The problem that junior resource companies face is that it doesn’t matter how well run they might be or how great their projects are, if nobody is writing about them and nobody knows they exist the share price isn’t going to change. Westhaven is an example of a well run, well financed company on the verge of potentially making a big discovery and they just needed some visibility and I was able to help with that.

White Gold is a brilliant story in the Yukon with Shawn Ryan behind it, and out of seven trading days it only traded on one day. So when you talk about illiquid and dead, it was deader than a door nail for a while.

CEO Technician: Meanwhile, there are examples of companies that do a tremendous amount of promotion with mediocre to poor results and the market gets tired of hearing their story. After a while it can get to the point where if a company doesn’t deliver any results it doesn’t matter how much promotion they do, the market will ignore them.

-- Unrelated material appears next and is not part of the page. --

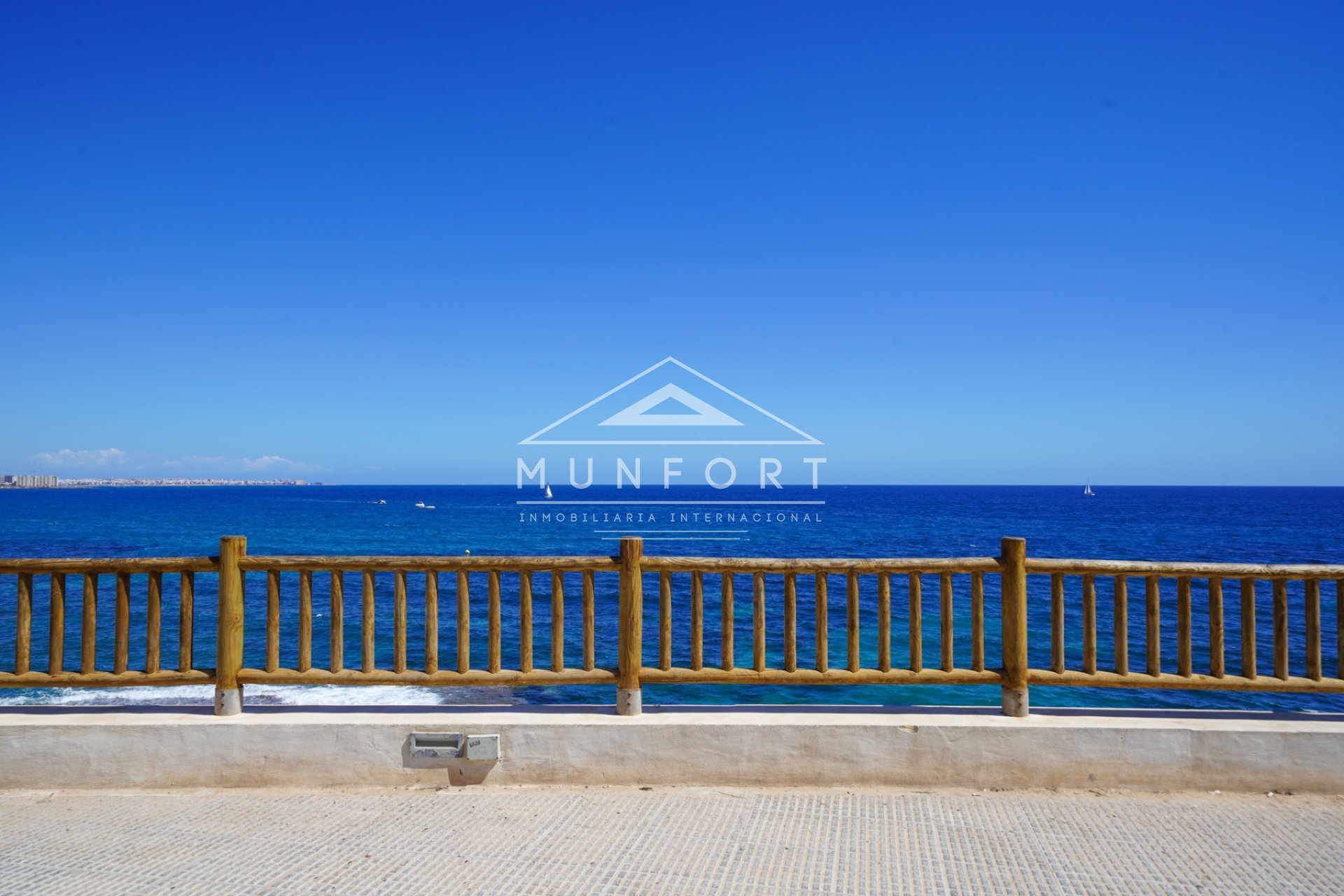 Resale - Bungalows -
Orihuela Costa - Cabo Roig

Bob Moriarty: You want to stay away from companies that are overly promotional. But you also want to stay away from companies that don’t do any promotion; if you don’t tell your story you don’t have a story. It’s the tree falling in the middle of the wilderness, if there’s no one around is there sound created?

Westhaven would be an example of a nice situation, where you have a company with lots of fundamentals lining up at the same time and then they decided it was time to promote their story after quite a while with little or no promotion. You want to get involved with stories just as market participants are beginning to appreciate them.

CEO Technician: What kind of a batting average should investors look to achieve in terms of winners vs. losers? Does a junior mining investor need to hit 75-80% winners to make money?

Bob Moriarty: I lose money on between ⅓ and ½ of the stocks I buy. However, I make money overall because I make a lot more money on the ½ – ⅔ that do go up than I lose on the ones that go down.

CEO Technician: Is it possible for smaller investors to successfully follow some of the big money investors (Giustra, Beaty, Sprott) in the sector?

Bob Moriarty: It depends on the big money investor. Giustra deals are often pump and dumps, Ross Beaty aims to make money, and Eric Sprott hits nothing but home runs and strike outs. You need to follow the history of each to know.


We would like to thank Bob for his time and insights. I know that I learned a lot from this conversation, I love the concept of buying when it’s hard to buy and selling when it’s easy to sell. Obviously there are some nuances involved in determining when exactly it’s “hard” to buy and “easy” to sell, however, the basic premise is absolutely spot on.